Last year's conference brought together a range of folks from radical social centers, infoshops, libraries, student resource centers, co-ops and artist-run spaces to talk about common struggles and share skills.

“Originally, the idea was that the summit would be co-hosted by a few spaces from different cities and after the first year the summit would move to a different city as the host place. That is still the ultimate goal!” said Summit organizer Carla Bergman.

Included in last year's Summit was a panel discussion by VMC, with folks from Redwire native youth magazine, the Anti-Poverty Committee and the 12th and Clark infoshop on the impact of losing radical social space.

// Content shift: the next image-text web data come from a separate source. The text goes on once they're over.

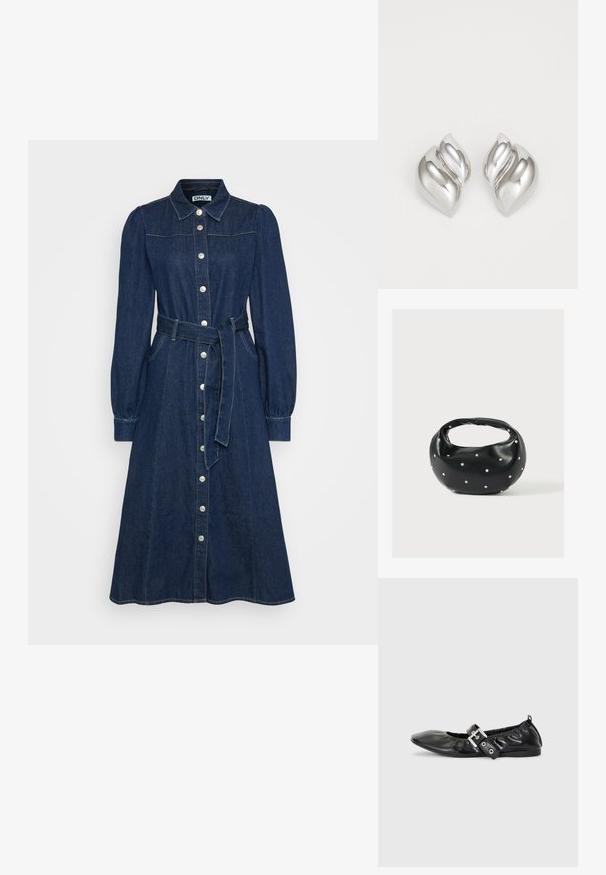 Donkerblauwe denim jurk met een kraag, lange pofmouwen, knoopsluiting aan de voorkant en een bijpassende riem in de taille.; Zwarte leren platte schoen met een spitse neus, geplooide details rond de opening en een zilveren gespaccentueerde verstelbare band.; Zwarte leren handtas met een afgeronde vorm, versierd met zilveren studs, en een korte handgreep. Gladde textuur en ritsluiting.; Zilveren oorbellen met een organische, abstracte vorm. Gladde, glanzende oppervlakte met een taps toelopend ontwerp. Beschikken over subtiele rondingen en een centrale lijn detail.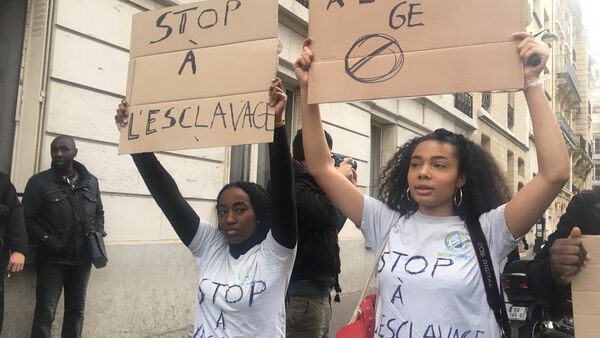 Une manifestation contre l'esclavage en Libye se déroule à Paris - Sputnik Afrique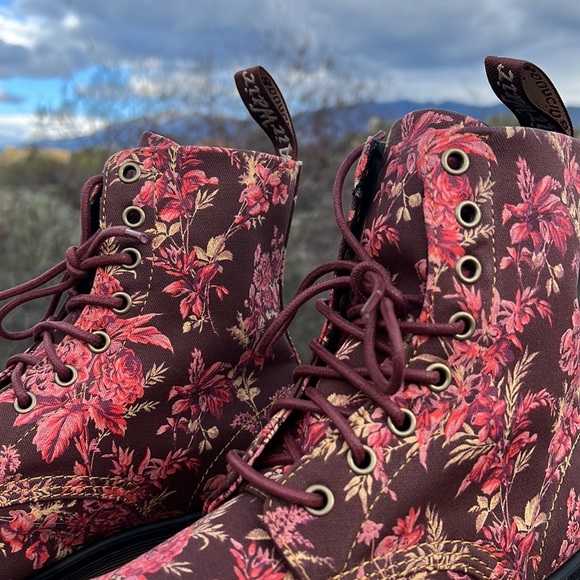 New Dr. Martens Cherry Red Victorian Floral Toile de Jouy Boots - Picture 11 of 16
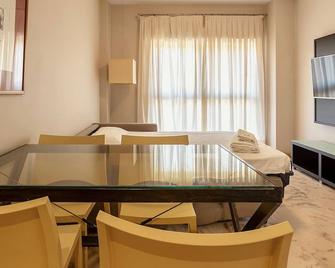Apartamentos Vértice Bib Rambla - Seville - Dining room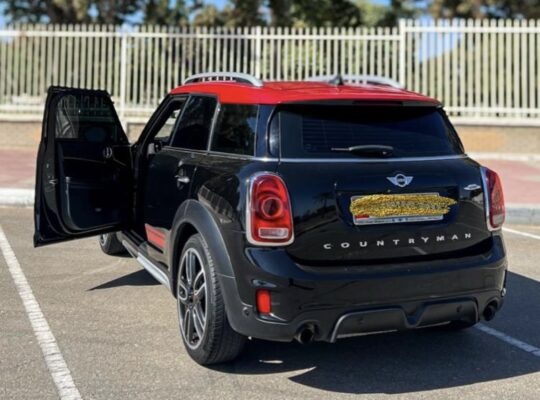 Mini Cooper S coupe 2018 Gcc for sale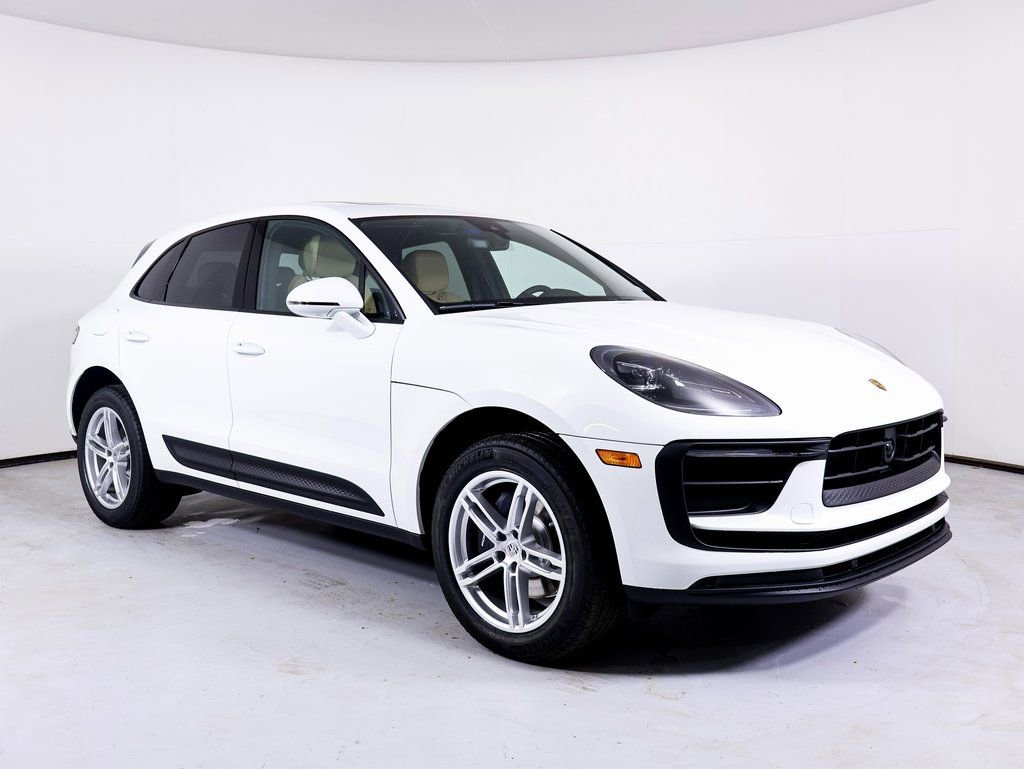 Certified 2025 Porsche Macan image 25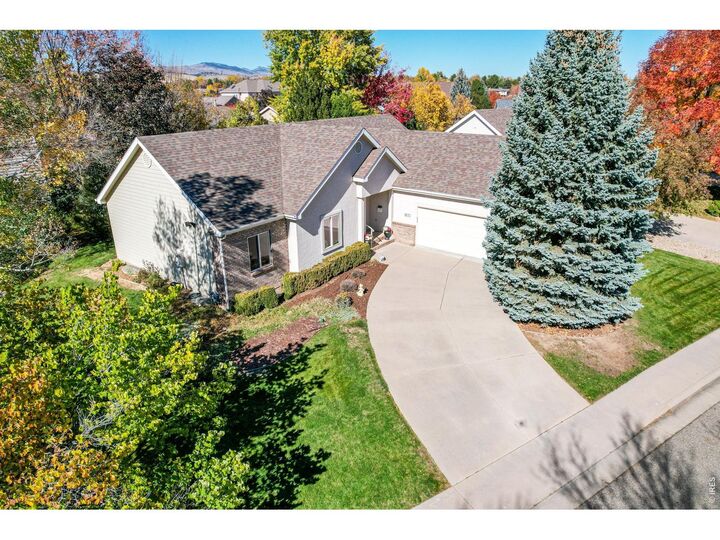 Property Photo:  1670 Stove Prairie Cir  CO 80538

“I think it's important to name physical spaces as a spot for where a lot of these oppressions and power structures are organized around,” said attendee Andrea Marcos, who is headed to the Summit again this year. “It's necessary to be critical about what folks are doing with land, social spaces, with the commons: how it fits into forces and structures we're are actively against, and how it fits into and supports the visioning and enacting of lives and relationships we are wanting, proposing, and doing!”

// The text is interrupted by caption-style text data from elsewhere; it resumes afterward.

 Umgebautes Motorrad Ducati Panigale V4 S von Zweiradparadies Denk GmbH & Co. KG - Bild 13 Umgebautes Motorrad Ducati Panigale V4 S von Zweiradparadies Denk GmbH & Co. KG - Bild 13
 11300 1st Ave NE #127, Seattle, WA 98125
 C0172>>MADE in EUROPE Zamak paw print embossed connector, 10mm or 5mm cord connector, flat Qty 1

Held in a number of spaces around the city, the Summit is bringing together groups such as the Purple Thistle youth centre, the Emma Goldman Finishing School, Spartacus Books, QTPOC Seattle, Camas Books, Gallery Gachet, Tomcat Bikes, APIRG, Community Yoga Vancouver, Vancouver Collective Houses and University of Victoria Women's Centre.

“The Summit put my feelings into words: we are on stolen native land, and I am personally benefitting from this still, and I don't want to anymore, nor do i want to contribute to it,” said youth Summit organizer Kelsey Corbett. “The Social Spaces Summit not only put these feelings I've had for a long time into words, but the shared experiences of like-minded folks open to the discomfort of changing these systems of oppression inspired courage, provided tools, and community support which made this change feel possible.”

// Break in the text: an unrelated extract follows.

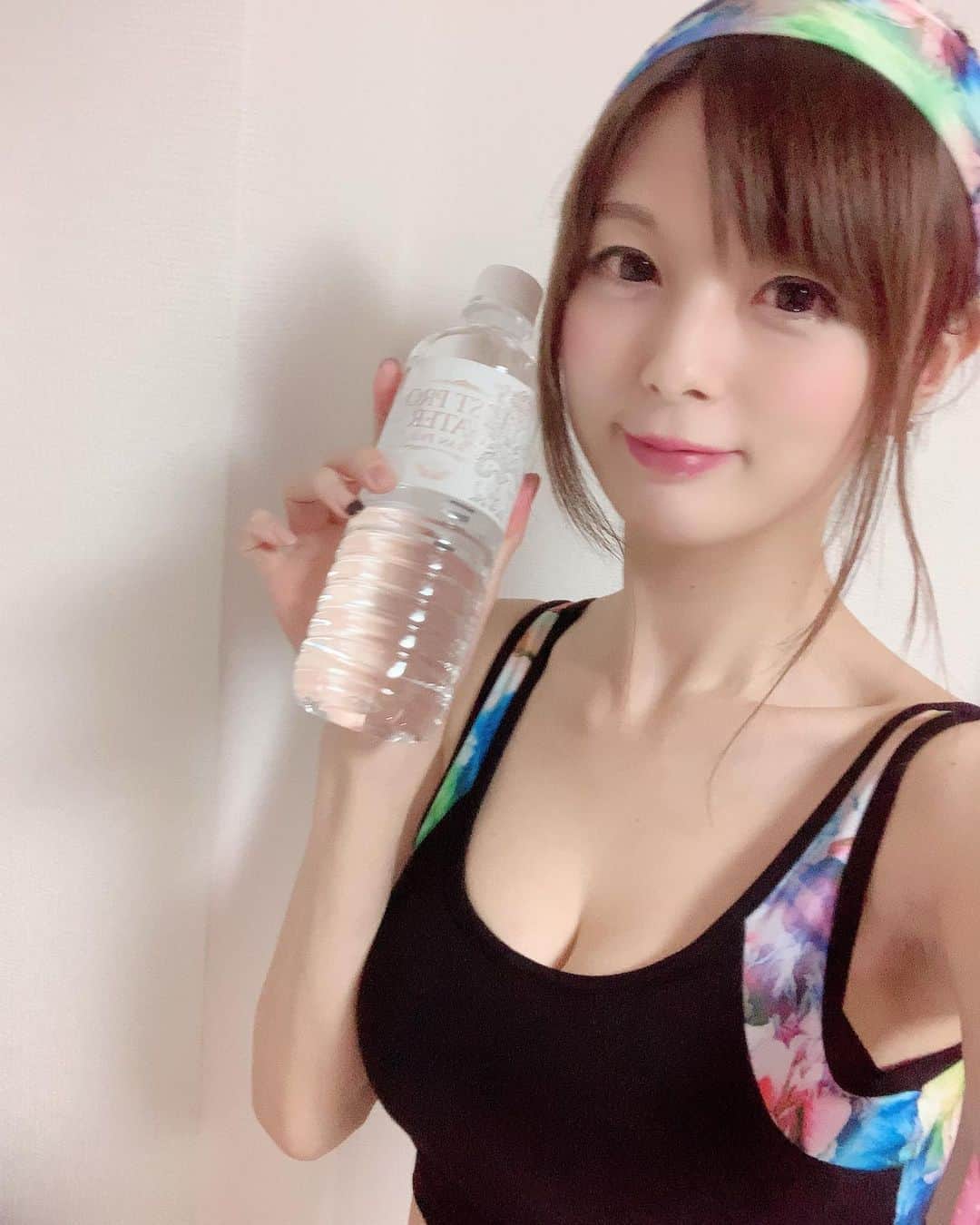 のインスタグラム：「久々にホットヨガ¨̮♡︎ この時期寒いからホットヨガは最適！ * * 運動してると一年中露出高めだからケアもしないと！ 銀座カラー（@ginzacalla_official ）は全身、顔も含む脱毛が月額3,300円✨ * * 良心的なお値段でつるすべ肌👼 . * 無料カウンセリングのご予約は 『@ginzacalla_official』の. 公式アカウントURLから キャンペーンをcheckしてみてね👼✨✨. .  #エステプロラボ  # #銀座カラー　 #脱毛 #全身脱毛 #顔脱毛　 #callaPR #美容　 #美容好きな人と繋がりたい  #脱毛サロン #エステプロラボ銀座  #estheprolabo  #laviasport  #ラヴィアスポーツ」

With 'decolonization and space' as one of the three central themes of the upcoming Summit, there is plenty of room for this sort of reflection and organizing.

“One of the problems we face in radical left movements is that settlers, and especially white middle class people, are soooo frickin' mobile,” said long-term Seattle collective house organizer and social justice educator Tamara Myers, who is heading to the Summit for a second time, and who is looking to challenge key ideas around social spaces. “Having stable spaces seems like one way to keep people more rooted in place. And yet, consolidating more land in the hands of white or monied people doesn't seem satisfactory either. So what to do? This is the kind of stuff I want to grapple with and feel like I can at the Summit.”